## THE INPUT
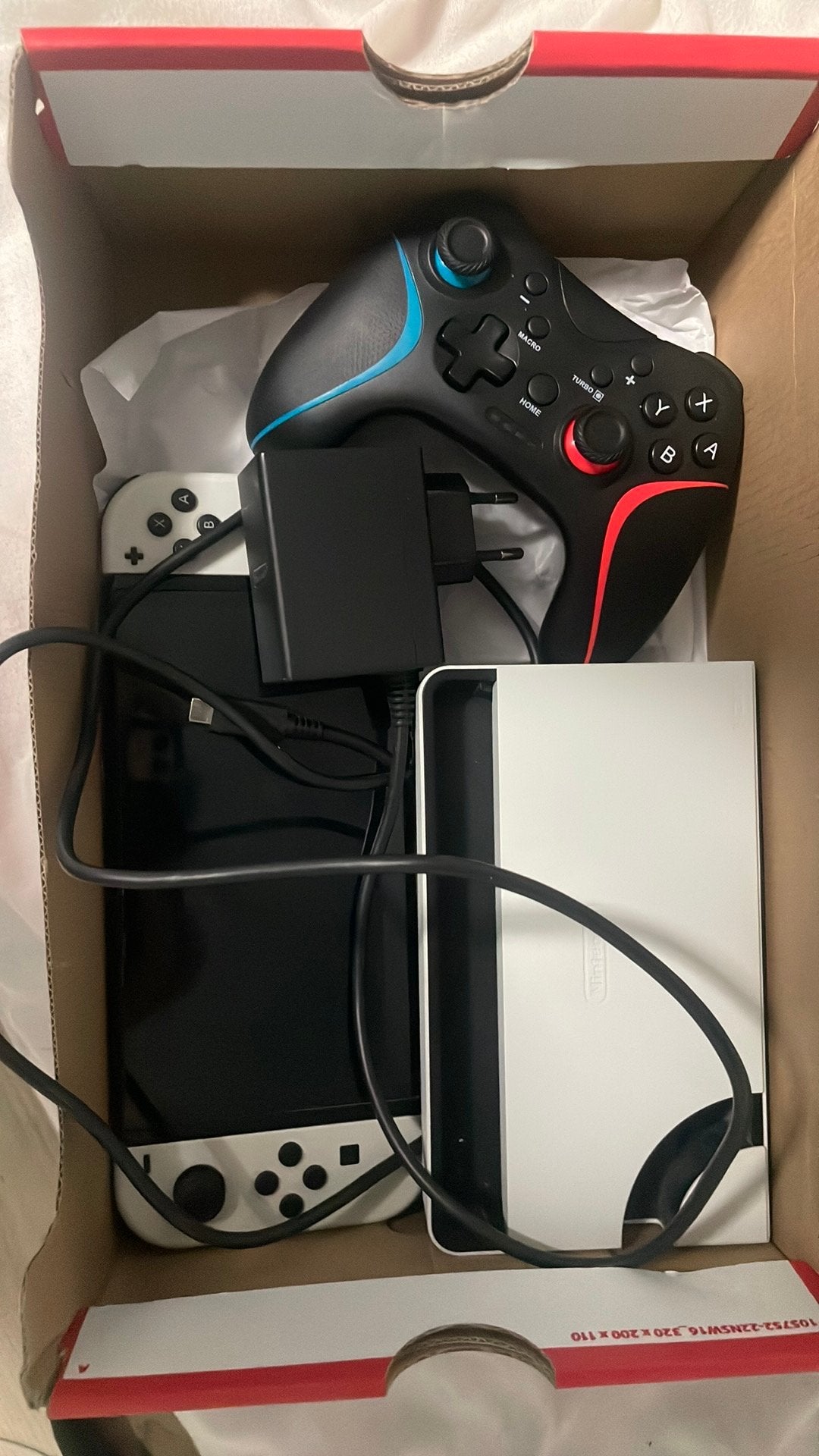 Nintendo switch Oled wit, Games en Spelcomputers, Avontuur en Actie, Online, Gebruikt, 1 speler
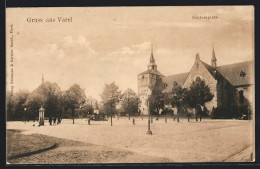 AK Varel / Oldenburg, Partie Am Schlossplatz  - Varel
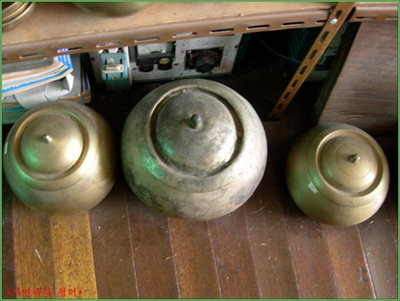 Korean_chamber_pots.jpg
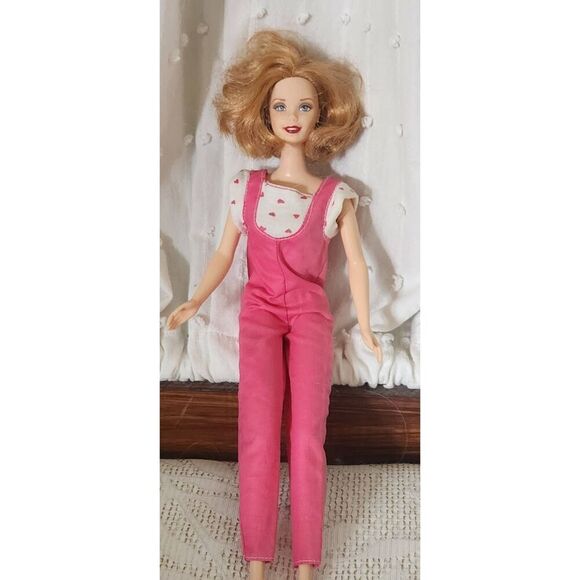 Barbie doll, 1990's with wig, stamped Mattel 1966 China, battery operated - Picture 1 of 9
* * *
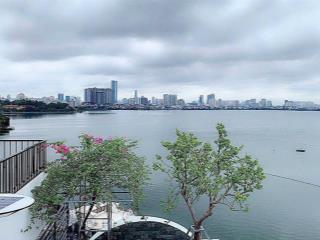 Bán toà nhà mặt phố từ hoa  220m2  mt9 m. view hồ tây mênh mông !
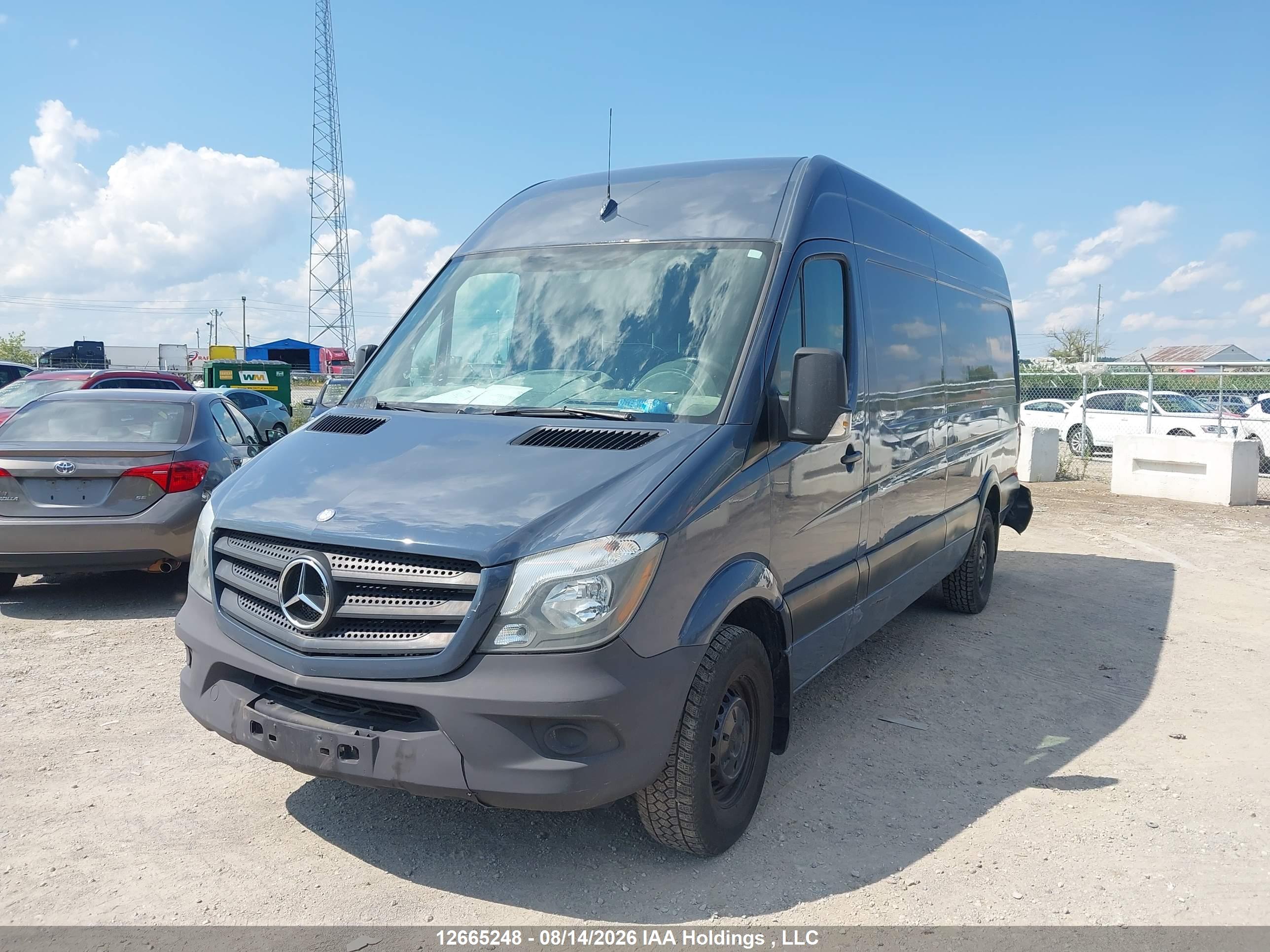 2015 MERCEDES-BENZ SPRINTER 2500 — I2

## WHAT YOU WILL DO
The line holding "Nintendo switch Oled" starts the copy and the line holding "Barbie doll, 1990's" ends it. Repeat those two lines above and all between them exactly, leaving out pictures.

## RESULT FOR THIS EXERCISE
 Nintendo switch Oled wit, Games en Spelcomputers, Avontuur en Actie, Online, Gebruikt, 1 speler
 AK Varel / Oldenburg, Partie Am Schlossplatz  - Varel
 Korean_chamber_pots.jpg
 Barbie doll, 1990's with wig, stamped Mattel 1966 China, battery operated - Picture 1 of 9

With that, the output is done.